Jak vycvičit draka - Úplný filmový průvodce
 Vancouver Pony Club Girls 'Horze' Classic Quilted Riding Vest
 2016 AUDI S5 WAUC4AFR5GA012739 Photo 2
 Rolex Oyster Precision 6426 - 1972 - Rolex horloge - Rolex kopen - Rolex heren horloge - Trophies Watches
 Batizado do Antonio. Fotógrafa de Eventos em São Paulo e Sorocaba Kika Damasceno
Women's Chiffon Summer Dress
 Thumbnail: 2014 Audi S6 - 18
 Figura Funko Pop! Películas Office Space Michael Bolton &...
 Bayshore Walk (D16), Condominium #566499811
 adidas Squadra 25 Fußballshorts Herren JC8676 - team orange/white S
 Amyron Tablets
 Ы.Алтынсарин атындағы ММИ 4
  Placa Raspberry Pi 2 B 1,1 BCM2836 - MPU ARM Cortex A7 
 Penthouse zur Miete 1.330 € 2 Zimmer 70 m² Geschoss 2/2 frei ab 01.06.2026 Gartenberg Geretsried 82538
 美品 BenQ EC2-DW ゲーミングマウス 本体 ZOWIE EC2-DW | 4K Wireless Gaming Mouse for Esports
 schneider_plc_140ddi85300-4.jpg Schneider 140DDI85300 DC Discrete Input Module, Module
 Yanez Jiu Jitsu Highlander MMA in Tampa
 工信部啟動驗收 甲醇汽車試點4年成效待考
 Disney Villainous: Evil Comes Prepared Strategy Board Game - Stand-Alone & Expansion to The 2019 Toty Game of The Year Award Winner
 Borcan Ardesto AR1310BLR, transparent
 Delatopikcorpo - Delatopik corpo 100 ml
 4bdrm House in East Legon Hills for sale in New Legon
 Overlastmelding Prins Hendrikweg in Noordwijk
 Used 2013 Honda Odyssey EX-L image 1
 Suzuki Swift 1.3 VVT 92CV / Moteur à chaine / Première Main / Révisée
****************************************
_Assigned task_
The full set of records above must be reproduced exactly in the reply.

_Your response_
Jak vycvičit draka - Úplný filmový průvodce
 Vancouver Pony Club Girls 'Horze' Classic Quilted Riding Vest
 2016 AUDI S5 WAUC4AFR5GA012739 Photo 2
 Rolex Oyster Precision 6426 - 1972 - Rolex horloge - Rolex kopen - Rolex heren horloge - Trophies Watches
 Batizado do Antonio. Fotógrafa de Eventos em São Paulo e Sorocaba Kika Damasceno
Women's Chiffon Summer Dress
 Thumbnail: 2014 Audi S6 - 18
 Figura Funko Pop! Películas Office Space Michael Bolton &...
 Bayshore Walk (D16), Condominium #566499811
 adidas Squadra 25 Fußballshorts Herren JC8676 - team orange/white S
 Amyron Tablets
 Ы.Алтынсарин атындағы ММИ 4
  Placa Raspberry Pi 2 B 1,1 BCM2836 - MPU ARM Cortex A7 
 Penthouse zur Miete 1.330 € 2 Zimmer 70 m² Geschoss 2/2 frei ab 01.06.2026 Gartenberg Geretsried 82538
 美品 BenQ EC2-DW ゲーミングマウス 本体 ZOWIE EC2-DW | 4K Wireless Gaming Mouse for Esports
 schneider_plc_140ddi85300-4.jpg Schneider 140DDI85300 DC Discrete Input Module, Module
 Yanez Jiu Jitsu Highlander MMA in Tampa
 工信部啟動驗收 甲醇汽車試點4年成效待考
 Disney Villainous: Evil Comes Prepared Strategy Board Game - Stand-Alone & Expansion to The 2019 Toty Game of The Year Award Winner
 Borcan Ardesto AR1310BLR, transparent
 Delatopikcorpo - Delatopik corpo 100 ml
 4bdrm House in East Legon Hills for sale in New Legon
 Overlastmelding Prins Hendrikweg in Noordwijk
 Used 2013 Honda Odyssey EX-L image 1
 Suzuki Swift 1.3 VVT 92CV / Moteur à chaine / Première Main / Révisée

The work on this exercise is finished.